> **Task inputs**
<<<<

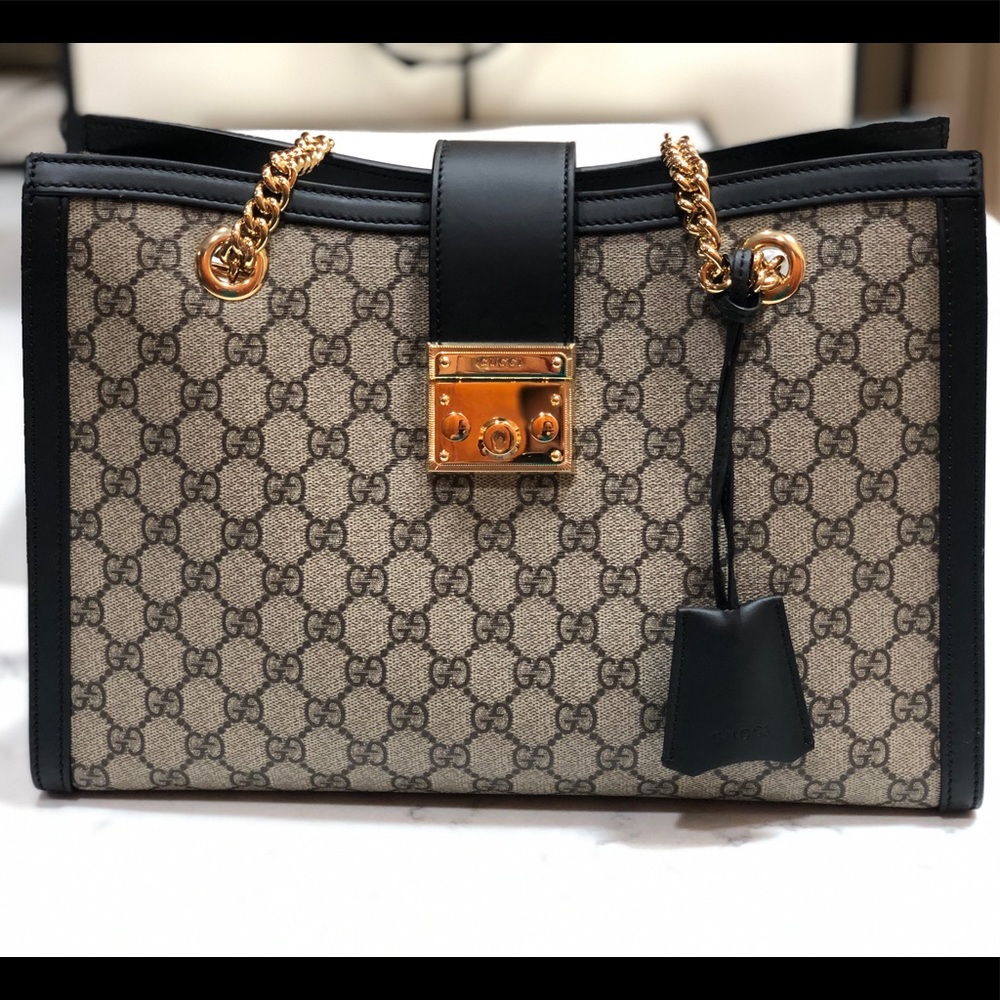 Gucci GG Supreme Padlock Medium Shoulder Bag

>>>>
<<<<

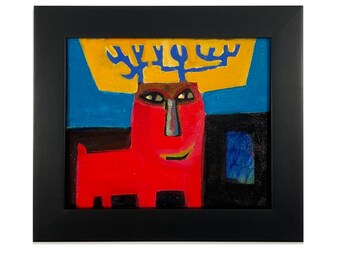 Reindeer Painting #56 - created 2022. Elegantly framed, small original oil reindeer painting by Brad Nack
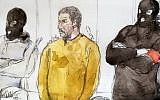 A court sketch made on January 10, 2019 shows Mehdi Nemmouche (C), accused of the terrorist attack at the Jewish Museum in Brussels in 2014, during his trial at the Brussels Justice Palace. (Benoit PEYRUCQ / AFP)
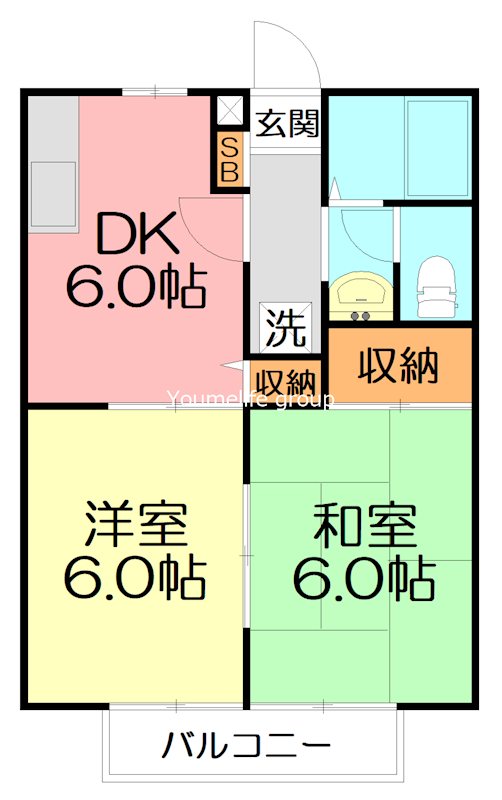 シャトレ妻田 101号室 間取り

>>>>
<<<<

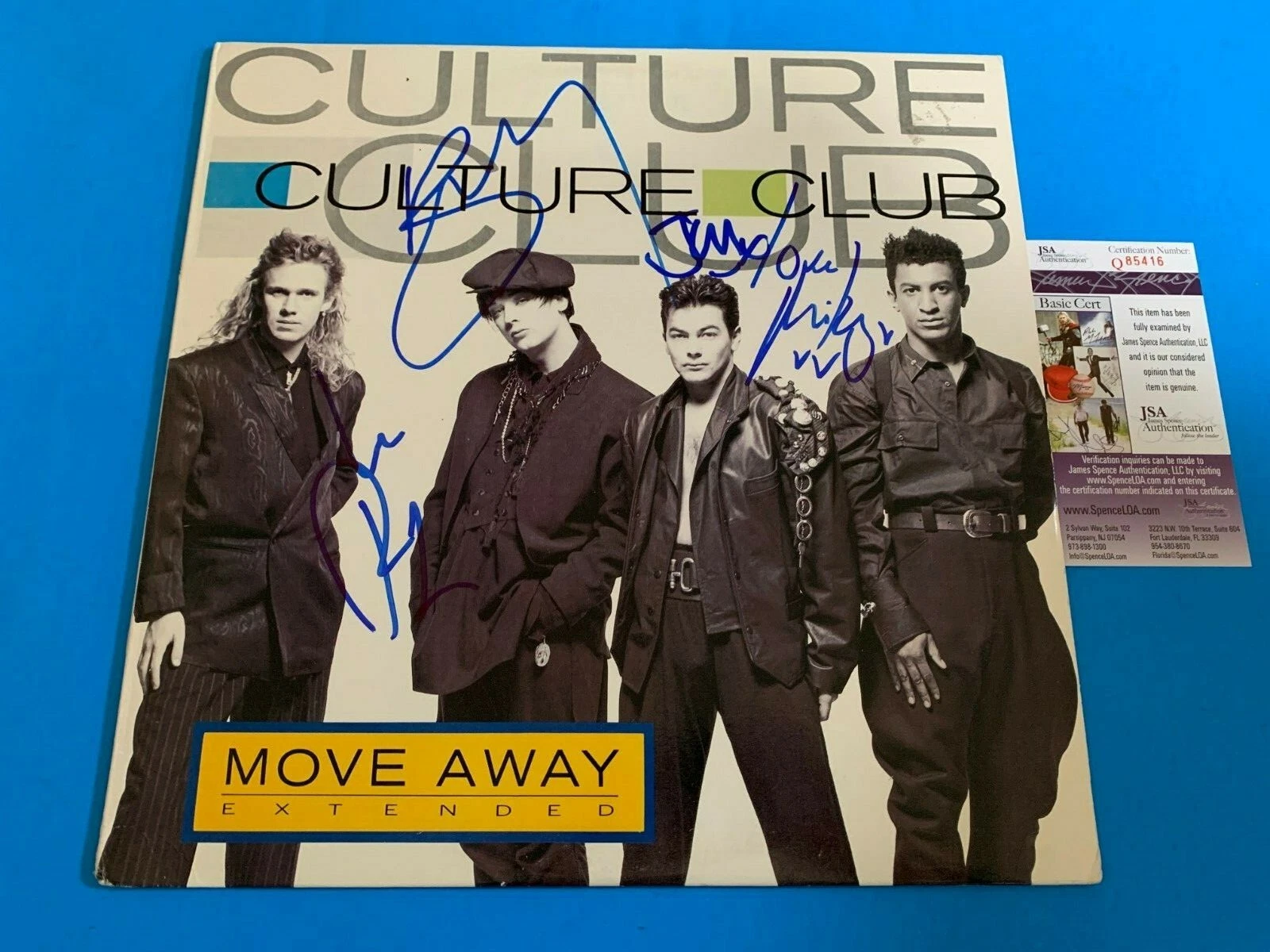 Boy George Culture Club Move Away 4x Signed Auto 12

>>>>

> **Exercise**
Using the listing above, repeat word for word each line from the one with "A court sketch" down to the one with "シャトレ妻田 101号室 間取り", both included. Omit all pictures.

> **Answer to the problem**
 A court sketch made on January 10, 2019 shows Mehdi Nemmouche (C), accused of the terrorist attack at the Jewish Museum in Brussels in 2014, during his trial at the Brussels Justice Palace. (Benoit PEYRUCQ / AFP)
 シャトレ妻田 101号室 間取り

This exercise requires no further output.